Being Deputy Leader of the Lib Dems is a little bit like being the Deputy Manager of a Butlins - it is important to you if you happen to hold that position, but means fuck all to anyone in the real world. And I hate to point it out, but George Osborne is the Shadow Chancellor of the Exchequer. If anything, Cable is the Shadow of the Shadow Chancellor of the Exchequer.

And I really can't think of any way in which Cable has been shown to be right in the current economic crisis - let alone being right again and again. If memory serves, he was as surprised as anyone when some of the banks went tits up, and then he began calling for the nationalisation of Northern Rock. And the nationalisation of Northern Rock has been nothing other than a total fucking disaster that has rinsed the taxpayer of a boatload of cash. Cable hasn't been shown to be right again and again. He's been shown to be a massive, massive tool.

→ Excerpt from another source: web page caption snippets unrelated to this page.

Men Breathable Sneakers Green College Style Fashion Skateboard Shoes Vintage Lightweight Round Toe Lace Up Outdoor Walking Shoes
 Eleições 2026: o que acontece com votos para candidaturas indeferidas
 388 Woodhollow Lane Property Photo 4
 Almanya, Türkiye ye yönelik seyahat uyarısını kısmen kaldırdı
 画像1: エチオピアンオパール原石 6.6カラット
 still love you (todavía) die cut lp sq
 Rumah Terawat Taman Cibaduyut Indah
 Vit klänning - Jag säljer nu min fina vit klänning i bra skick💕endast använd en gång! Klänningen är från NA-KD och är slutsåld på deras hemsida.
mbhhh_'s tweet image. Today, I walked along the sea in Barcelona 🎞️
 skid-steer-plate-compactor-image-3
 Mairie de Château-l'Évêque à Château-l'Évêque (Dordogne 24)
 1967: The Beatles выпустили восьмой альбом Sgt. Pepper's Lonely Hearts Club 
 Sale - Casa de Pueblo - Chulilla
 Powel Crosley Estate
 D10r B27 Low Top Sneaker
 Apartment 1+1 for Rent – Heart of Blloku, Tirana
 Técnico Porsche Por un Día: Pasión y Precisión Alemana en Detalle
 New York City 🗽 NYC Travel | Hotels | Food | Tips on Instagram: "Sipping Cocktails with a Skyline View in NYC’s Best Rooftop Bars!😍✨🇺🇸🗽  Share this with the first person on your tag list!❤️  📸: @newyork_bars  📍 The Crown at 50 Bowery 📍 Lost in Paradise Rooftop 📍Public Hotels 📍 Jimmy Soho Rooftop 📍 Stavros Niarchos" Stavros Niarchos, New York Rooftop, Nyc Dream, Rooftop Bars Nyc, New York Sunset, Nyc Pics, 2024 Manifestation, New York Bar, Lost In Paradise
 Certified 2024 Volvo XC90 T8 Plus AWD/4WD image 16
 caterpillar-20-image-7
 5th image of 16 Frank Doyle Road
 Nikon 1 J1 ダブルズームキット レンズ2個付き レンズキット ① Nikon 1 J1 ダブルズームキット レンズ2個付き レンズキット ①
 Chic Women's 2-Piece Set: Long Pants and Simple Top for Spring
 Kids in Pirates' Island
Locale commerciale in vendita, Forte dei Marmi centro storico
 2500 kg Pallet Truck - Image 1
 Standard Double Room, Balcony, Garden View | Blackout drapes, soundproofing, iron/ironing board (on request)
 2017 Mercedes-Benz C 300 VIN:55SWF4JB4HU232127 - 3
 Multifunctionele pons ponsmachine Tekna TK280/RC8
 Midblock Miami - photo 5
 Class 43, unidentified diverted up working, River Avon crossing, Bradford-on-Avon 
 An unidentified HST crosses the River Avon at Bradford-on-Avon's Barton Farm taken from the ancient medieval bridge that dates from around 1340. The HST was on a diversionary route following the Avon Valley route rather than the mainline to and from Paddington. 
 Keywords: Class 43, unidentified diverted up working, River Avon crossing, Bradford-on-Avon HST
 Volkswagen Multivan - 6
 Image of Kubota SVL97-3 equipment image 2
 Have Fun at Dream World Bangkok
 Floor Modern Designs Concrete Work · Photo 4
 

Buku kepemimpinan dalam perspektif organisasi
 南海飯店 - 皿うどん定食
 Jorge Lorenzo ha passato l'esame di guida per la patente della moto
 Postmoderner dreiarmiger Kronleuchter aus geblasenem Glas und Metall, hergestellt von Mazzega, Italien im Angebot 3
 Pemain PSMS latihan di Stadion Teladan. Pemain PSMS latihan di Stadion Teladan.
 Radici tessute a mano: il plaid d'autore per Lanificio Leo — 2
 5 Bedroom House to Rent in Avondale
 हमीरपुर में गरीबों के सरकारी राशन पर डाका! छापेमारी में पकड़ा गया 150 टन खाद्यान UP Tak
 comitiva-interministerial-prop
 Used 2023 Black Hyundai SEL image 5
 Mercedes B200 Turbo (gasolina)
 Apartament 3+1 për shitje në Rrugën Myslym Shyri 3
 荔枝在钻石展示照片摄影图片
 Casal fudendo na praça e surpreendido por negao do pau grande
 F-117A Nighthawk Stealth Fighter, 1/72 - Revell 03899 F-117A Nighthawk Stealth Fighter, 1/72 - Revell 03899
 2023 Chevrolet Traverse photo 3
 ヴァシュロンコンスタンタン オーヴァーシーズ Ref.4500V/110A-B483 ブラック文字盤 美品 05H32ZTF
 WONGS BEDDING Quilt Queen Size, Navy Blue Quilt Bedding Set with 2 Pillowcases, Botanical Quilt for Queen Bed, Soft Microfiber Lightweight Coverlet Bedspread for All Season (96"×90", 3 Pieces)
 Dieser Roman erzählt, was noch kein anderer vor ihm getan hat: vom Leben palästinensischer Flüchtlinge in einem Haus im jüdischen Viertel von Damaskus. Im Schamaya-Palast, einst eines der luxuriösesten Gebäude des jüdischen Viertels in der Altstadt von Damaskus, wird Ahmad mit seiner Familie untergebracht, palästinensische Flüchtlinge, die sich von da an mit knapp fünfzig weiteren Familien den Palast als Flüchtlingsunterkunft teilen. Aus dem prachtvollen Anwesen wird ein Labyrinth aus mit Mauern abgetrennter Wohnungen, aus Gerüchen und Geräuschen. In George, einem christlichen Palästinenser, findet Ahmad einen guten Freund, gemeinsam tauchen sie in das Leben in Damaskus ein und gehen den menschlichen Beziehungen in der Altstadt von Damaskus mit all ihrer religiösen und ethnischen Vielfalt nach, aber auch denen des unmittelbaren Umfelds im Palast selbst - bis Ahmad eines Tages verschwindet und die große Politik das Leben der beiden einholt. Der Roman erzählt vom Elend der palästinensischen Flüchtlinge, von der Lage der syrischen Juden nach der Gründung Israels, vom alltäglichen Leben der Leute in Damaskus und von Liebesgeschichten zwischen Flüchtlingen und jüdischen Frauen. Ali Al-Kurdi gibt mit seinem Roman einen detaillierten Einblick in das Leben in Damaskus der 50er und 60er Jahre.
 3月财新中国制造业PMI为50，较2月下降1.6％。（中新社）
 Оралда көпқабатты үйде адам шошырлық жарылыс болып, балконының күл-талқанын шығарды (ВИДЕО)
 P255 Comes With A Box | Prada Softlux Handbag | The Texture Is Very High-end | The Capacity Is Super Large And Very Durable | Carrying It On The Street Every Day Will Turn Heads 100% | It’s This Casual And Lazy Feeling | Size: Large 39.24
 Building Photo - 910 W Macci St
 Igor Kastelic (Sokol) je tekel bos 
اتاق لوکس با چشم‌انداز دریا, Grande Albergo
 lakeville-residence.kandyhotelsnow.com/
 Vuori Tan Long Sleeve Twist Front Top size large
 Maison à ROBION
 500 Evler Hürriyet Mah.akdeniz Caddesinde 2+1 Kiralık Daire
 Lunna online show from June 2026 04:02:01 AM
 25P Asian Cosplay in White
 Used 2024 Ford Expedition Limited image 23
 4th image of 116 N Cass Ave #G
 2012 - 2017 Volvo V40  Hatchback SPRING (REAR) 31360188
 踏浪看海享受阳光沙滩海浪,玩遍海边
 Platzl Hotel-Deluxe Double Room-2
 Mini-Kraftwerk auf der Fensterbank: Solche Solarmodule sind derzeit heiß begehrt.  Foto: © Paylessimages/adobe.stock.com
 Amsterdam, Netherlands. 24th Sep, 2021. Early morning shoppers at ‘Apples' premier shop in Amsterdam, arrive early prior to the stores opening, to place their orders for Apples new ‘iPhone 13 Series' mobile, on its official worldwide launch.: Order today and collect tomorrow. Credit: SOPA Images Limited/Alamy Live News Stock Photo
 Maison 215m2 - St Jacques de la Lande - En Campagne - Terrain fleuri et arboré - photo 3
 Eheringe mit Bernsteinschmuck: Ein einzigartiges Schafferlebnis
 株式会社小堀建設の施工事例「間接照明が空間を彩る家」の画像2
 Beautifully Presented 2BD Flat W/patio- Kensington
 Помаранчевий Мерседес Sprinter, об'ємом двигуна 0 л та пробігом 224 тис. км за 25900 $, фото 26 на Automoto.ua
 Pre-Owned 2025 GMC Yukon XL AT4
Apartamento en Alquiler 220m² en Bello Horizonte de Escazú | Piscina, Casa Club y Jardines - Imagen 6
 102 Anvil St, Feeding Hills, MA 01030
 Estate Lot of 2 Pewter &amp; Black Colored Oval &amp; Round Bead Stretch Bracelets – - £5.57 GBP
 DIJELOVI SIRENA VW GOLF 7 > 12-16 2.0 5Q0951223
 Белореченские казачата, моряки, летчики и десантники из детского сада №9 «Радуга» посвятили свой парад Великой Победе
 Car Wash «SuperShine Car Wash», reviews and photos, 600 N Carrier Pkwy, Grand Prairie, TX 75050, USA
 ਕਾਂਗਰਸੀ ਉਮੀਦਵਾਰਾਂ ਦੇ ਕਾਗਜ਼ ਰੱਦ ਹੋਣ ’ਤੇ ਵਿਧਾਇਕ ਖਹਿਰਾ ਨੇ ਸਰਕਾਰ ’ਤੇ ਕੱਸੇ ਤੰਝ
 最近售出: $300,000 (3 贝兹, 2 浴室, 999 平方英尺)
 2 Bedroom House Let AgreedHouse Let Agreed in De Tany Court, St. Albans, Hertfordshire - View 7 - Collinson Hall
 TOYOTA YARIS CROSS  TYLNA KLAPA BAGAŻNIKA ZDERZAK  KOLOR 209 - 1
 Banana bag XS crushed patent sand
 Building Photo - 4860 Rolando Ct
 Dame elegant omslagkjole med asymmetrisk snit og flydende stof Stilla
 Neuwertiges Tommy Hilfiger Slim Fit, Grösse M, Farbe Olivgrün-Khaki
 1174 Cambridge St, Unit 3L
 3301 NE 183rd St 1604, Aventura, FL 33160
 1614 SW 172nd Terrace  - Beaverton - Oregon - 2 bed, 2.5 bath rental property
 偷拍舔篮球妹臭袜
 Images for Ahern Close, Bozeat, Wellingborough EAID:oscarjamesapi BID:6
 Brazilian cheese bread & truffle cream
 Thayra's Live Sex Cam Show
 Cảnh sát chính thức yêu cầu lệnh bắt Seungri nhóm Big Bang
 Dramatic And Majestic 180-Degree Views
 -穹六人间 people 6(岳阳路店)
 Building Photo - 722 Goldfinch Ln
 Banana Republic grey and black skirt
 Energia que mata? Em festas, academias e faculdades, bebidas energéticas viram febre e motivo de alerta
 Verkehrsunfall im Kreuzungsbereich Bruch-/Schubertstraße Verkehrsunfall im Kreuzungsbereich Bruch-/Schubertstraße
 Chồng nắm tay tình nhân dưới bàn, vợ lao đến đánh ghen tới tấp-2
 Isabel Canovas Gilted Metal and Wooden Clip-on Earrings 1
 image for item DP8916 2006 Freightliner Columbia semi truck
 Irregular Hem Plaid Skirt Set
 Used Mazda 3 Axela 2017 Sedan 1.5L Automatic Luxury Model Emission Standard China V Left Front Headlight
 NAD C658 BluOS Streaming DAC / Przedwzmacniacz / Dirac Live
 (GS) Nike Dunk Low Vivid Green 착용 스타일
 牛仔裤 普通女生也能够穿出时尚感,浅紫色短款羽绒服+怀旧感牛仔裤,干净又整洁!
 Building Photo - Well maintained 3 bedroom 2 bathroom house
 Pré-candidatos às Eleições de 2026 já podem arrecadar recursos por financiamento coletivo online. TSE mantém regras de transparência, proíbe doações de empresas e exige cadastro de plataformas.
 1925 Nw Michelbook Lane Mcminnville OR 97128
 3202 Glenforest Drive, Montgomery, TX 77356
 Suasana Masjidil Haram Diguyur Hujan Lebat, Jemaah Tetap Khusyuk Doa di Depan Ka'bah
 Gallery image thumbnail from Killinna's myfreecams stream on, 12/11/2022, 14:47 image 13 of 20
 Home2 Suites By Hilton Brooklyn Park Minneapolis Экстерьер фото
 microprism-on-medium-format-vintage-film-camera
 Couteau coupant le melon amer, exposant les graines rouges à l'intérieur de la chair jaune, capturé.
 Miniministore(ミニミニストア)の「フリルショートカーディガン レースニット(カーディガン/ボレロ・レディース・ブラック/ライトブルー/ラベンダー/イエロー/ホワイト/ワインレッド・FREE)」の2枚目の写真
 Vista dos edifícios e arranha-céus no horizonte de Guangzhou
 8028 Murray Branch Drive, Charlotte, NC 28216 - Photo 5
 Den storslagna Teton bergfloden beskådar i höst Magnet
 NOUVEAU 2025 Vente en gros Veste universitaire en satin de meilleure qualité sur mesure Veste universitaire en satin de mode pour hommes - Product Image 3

As far as I am aware, the crunch - or recession, if we want to use real terms - doesn't have a hero in Parliament. If it did, it would probably be someone with a little more wisdom and a little less lust for the limelight than Vince Cable. And I defy anyone to objectively prove that the Deputy Leader of the failing third party is actually the most popular member of Parliament. He quite simply isn't. He may have made a couple of people laugh with his quip about Brown moving from being Stalin to Mr Bean, but a genuinely level of popularity in the Commons comes from slightly more than just one good line.

In fairness, Cable has got one part of his memoirs correct - the first world in the title. Because in three months time, I'm pretty sure that his book will be selling for next to nothing in discount stores across the country.